By Adam Newman
Titanium occupies a rarified field in the world of cycling: it’s at once both old-fashioned and high-tech. Bikes built from the lightweight metal strike a classic silhouette and earn allocates for their unique ride quality. But it’s cutting edge as well, with modern methods of forming bringing about ever lighter and stiffer frames.
Lynskey has been on the forefront of titanium for more than three decades. The family-run contract business didn’t even make bicycles until one was built as a side project. Fast-forward a few decades and Lynskey‘s Chattanooga, Tennessee, factory is the largest builder of titanium bicycle frames in the US, both under their own label and for several other brands.
Titanium is, of course, an expensive material to work with, not only for the cost of raw tubing but for the additional time and tooling it takes to turn those tubes into bicycles. Bending, butting and shaping the tubing is all exponentially more difficult with titanium than steel, thus adding to the cost. (See how advanced it can get in our sister magazine, Dirt Rag.)
Lynskey’s latest bikes attempt to level that playing field.
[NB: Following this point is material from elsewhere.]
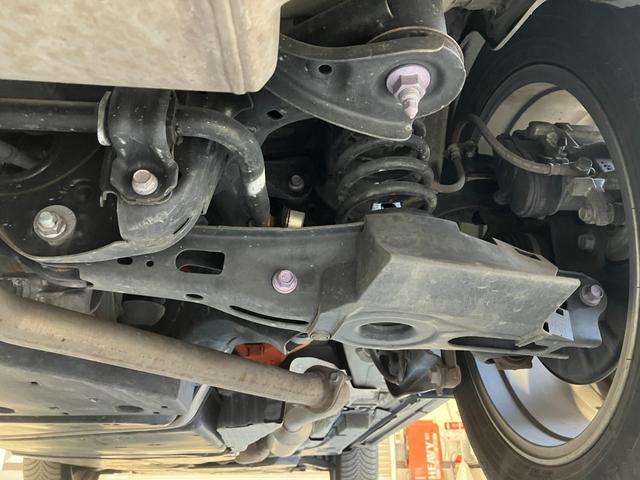 RAV4 ハイブリッドG パワーバックドア デジタルインナーミラー 運転席パワーシート ステアリングヒーター SDナビ ETC2.0 AC100V電源 シートヒーター ワンオーナ- バックモニター 整備記録簿 地デジTV(48枚目)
The Silver Series uses straight-gauge tubing, without any fancy bends or shaping, to keep costs down, but they are still "Made in Tennessee, Built To Go Fast.". The three road and two mountain bike models are just $1,299 for a frame. That’s less than many American-made steel frames.
The Viale is the commuter or light tour model that can handle a little of everything. The frame is built with a little extra room for larger tires (700x30c) and fenders, and even has rack mounts. The brakes are mid-reach calipers, and mount to a Bontrager Switchblade carbon fork out front. For $2,600 you get a Shimano 105 build kit with Shimano wheels, a compact crankset and an FSA cockpit.
Pictured here are a set of one-off, prototype titanium fenders and a rack that are not included, but Lynskey wanted us to give them a good thrashing to see if they work in the real world (so far so good). Want a set? Sorry, no word yet on if they’ll make it to production.
Anyway, the Viale has all the attributes I look for in a good workhorse bike. The geometry is relaxed enough for all-day rides or randonneuring and the larger tires and geometry make it far more versatile. If you want to jump into your weekly paceline ride, ditch the rack and don your lycra, it’s ready to go.
The ride quality reminds me of classic steel: not too stiff, not too soft. The frame feels a bit more lively than I expected as well—none of the muted vibe you get from chromoly but instead with a zing more like an aluminum frame.